_REQUIREMENT_
Omit all images, then repeat exactly the lines below from the one containing "But yeah, that's" through the one containing "Much, much better.", both ends included.

_SOURCE DATA_
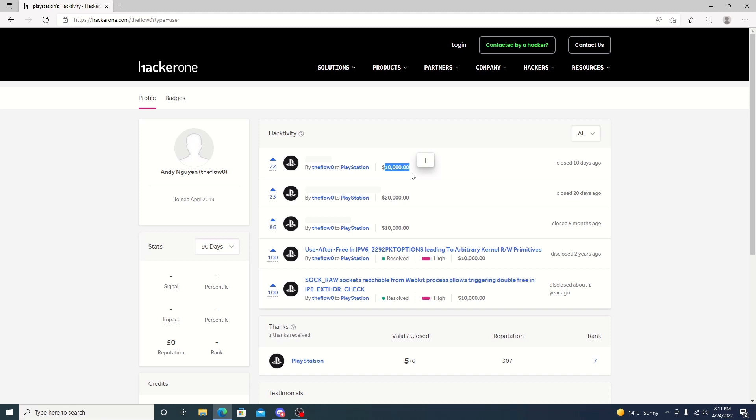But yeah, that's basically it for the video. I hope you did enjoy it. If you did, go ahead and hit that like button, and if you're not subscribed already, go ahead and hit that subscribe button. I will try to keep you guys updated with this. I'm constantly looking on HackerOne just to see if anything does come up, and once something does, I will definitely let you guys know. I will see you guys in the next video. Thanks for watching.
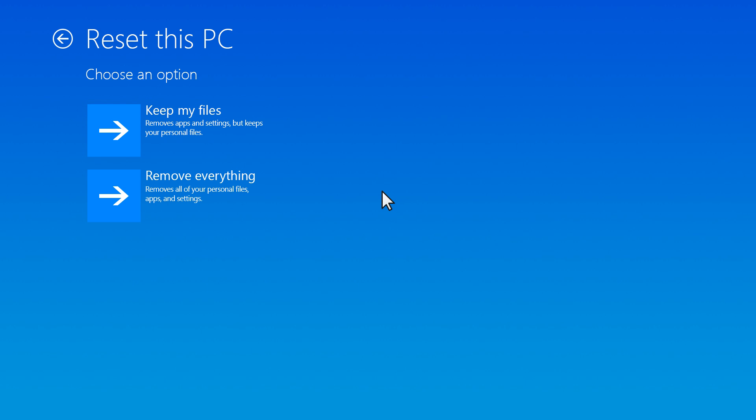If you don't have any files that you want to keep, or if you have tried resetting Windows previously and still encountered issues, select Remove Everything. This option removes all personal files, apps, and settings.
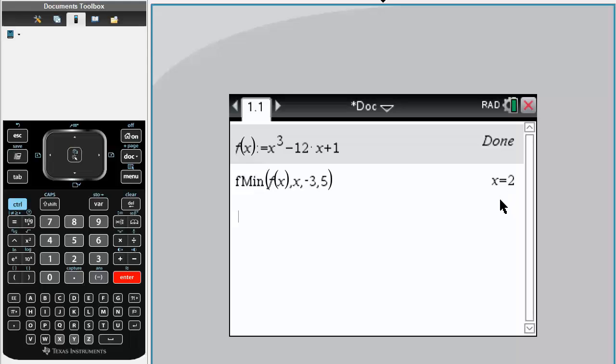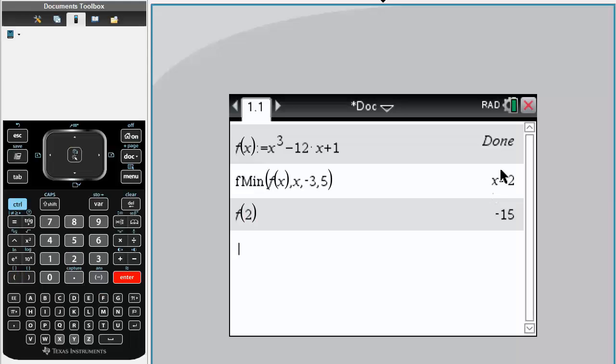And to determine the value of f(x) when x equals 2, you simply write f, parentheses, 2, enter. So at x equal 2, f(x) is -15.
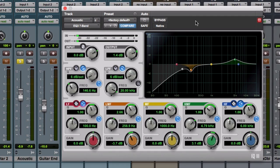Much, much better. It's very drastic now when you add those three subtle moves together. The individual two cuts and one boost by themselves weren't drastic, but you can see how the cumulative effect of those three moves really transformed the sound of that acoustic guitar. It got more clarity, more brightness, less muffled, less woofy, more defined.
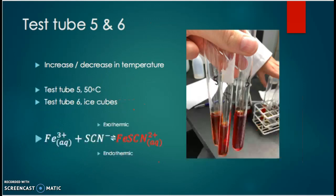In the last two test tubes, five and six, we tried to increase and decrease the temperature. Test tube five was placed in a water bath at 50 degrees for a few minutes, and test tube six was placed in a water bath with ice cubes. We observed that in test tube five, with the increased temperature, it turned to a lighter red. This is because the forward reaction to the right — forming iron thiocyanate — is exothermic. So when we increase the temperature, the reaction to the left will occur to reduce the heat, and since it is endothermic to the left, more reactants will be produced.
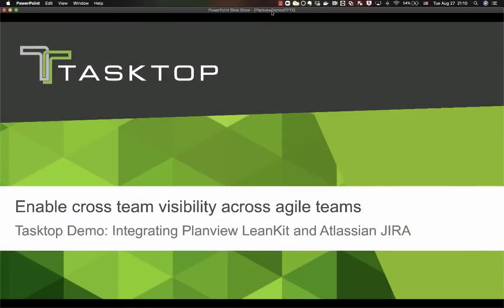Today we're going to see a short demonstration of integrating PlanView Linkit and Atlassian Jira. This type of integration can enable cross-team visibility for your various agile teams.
--
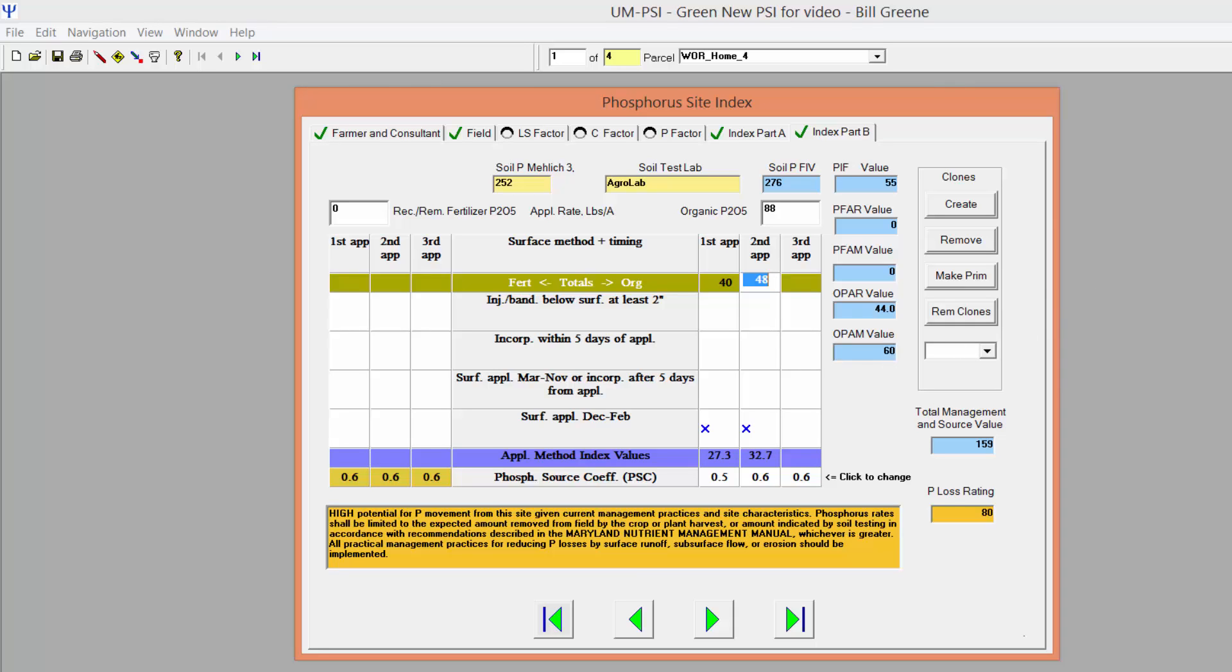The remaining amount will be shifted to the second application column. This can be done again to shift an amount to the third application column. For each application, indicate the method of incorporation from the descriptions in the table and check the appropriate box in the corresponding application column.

_TASK SOLUTION_
But yeah, that's basically it for the video. I hope you did enjoy it. If you did, go ahead and hit that like button, and if you're not subscribed already, go ahead and hit that subscribe button. I will try to keep you guys updated with this. I'm constantly looking on HackerOne just to see if anything does come up, and once something does, I will definitely let you guys know. I will see you guys in the next video. Thanks for watching.
If you don't have any files that you want to keep, or if you have tried resetting Windows previously and still encountered issues, select Remove Everything. This option removes all personal files, apps, and settings.
And to determine the value of f(x) when x equals 2, you simply write f, parentheses, 2, enter. So at x equal 2, f(x) is -15.
Much, much better. It's very drastic now when you add those three subtle moves together. The individual two cuts and one boost by themselves weren't drastic, but you can see how the cumulative effect of those three moves really transformed the sound of that acoustic guitar. It got more clarity, more brightness, less muffled, less woofy, more defined.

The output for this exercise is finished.